- **Task prompt**
Write the listing below out again exactly, though only as far as the line with "アミリ Bean Through", which is included.
Data: Begin
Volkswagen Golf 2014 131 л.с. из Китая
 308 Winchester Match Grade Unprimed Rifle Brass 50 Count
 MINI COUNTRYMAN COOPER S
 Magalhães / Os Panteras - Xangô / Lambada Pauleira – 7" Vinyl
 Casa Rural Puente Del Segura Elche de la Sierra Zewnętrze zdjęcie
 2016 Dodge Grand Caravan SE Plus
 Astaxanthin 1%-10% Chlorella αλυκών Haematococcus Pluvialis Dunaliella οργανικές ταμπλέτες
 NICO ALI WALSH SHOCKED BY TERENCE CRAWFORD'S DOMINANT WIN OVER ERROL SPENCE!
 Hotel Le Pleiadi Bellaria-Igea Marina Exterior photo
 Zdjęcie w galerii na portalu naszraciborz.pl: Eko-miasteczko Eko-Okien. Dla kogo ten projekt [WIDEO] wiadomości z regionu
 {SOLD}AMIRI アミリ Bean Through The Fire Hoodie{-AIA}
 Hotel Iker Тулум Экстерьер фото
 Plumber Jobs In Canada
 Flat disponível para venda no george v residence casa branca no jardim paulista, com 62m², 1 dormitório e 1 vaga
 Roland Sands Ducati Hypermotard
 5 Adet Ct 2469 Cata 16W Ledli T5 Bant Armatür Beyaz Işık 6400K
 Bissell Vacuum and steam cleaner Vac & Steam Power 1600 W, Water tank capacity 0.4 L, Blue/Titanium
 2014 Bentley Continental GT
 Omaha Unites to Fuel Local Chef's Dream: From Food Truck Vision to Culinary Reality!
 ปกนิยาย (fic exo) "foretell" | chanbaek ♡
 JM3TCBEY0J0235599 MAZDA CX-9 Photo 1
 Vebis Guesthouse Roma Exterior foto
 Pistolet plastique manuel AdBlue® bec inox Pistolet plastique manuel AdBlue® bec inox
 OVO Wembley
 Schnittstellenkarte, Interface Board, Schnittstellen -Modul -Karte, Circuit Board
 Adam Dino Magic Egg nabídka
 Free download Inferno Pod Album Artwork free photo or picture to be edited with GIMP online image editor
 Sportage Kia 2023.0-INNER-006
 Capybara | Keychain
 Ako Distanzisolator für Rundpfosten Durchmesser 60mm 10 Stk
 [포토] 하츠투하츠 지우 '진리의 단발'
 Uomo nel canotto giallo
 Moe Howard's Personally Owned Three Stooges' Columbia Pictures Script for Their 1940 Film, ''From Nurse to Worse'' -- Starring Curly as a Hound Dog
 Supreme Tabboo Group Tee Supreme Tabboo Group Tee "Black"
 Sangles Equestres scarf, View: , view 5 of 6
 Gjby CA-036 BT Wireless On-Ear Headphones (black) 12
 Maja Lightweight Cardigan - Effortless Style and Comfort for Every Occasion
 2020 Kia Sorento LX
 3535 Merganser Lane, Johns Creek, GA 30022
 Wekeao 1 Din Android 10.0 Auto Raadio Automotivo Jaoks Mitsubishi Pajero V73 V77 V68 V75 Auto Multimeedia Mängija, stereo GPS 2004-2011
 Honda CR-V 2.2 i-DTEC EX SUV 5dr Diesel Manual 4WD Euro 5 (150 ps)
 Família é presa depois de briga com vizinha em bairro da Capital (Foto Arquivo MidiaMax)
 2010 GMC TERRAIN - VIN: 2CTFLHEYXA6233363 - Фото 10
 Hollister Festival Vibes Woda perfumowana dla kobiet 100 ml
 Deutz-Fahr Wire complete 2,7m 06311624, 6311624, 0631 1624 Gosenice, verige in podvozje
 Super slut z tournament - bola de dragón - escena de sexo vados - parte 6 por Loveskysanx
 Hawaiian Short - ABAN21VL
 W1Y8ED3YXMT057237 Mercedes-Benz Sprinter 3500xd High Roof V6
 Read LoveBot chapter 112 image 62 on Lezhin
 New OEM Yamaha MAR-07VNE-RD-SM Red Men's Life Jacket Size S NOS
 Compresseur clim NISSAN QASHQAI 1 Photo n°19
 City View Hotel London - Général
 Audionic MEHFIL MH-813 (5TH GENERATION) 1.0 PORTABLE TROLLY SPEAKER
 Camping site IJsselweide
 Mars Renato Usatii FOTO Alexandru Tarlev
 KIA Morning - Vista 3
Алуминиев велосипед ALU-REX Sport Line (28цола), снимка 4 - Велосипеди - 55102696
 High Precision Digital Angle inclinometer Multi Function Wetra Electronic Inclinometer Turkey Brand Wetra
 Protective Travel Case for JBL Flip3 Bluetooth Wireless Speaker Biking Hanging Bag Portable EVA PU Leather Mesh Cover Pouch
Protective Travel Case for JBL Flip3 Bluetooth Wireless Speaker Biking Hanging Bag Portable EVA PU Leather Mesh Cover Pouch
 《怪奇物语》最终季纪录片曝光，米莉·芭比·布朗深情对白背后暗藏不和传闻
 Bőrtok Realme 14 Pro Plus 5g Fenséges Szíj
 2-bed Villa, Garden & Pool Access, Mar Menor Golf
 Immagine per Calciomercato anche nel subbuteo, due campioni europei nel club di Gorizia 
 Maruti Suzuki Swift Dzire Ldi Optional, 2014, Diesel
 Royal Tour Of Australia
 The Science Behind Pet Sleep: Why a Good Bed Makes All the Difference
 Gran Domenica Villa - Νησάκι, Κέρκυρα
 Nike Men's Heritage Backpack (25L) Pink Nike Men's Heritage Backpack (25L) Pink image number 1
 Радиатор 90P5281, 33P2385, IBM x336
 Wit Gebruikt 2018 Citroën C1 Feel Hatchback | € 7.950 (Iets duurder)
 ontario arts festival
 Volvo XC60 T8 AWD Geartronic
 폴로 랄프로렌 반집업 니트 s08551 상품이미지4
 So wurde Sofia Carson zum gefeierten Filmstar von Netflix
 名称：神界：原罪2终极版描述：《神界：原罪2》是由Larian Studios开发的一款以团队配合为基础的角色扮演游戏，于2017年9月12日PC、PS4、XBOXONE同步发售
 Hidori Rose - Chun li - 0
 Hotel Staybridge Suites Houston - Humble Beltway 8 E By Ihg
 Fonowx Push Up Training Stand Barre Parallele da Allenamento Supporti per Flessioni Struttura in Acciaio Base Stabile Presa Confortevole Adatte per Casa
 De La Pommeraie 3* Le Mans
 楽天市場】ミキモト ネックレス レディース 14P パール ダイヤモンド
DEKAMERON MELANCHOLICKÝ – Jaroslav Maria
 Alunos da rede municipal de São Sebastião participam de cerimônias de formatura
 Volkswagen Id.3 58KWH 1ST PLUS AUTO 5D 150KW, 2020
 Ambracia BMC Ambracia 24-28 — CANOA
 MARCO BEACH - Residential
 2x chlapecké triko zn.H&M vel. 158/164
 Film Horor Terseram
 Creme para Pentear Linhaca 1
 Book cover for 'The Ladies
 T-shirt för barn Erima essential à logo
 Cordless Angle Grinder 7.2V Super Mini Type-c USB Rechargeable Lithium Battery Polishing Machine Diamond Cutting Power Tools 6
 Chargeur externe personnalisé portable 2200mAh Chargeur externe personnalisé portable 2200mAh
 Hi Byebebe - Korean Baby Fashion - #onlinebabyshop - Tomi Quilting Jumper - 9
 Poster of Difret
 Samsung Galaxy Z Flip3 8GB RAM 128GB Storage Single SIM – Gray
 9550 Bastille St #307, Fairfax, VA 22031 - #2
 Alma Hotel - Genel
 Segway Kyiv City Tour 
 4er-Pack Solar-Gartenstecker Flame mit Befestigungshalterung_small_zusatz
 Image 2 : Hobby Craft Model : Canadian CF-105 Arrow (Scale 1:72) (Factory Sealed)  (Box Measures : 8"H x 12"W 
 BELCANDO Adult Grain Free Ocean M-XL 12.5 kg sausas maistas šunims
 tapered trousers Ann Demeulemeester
Data: End
- **Solution to this task**
Volkswagen Golf 2014 131 л.с. из Китая
 308 Winchester Match Grade Unprimed Rifle Brass 50 Count
 MINI COUNTRYMAN COOPER S
 Magalhães / Os Panteras - Xangô / Lambada Pauleira – 7" Vinyl
 Casa Rural Puente Del Segura Elche de la Sierra Zewnętrze zdjęcie
 2016 Dodge Grand Caravan SE Plus
 Astaxanthin 1%-10% Chlorella αλυκών Haematococcus Pluvialis Dunaliella οργανικές ταμπλέτες
 NICO ALI WALSH SHOCKED BY TERENCE CRAWFORD'S DOMINANT WIN OVER ERROL SPENCE!
 Hotel Le Pleiadi Bellaria-Igea Marina Exterior photo
 Zdjęcie w galerii na portalu naszraciborz.pl: Eko-miasteczko Eko-Okien. Dla kogo ten projekt [WIDEO] wiadomości z regionu
 {SOLD}AMIRI アミリ Bean Through The Fire Hoodie{-AIA}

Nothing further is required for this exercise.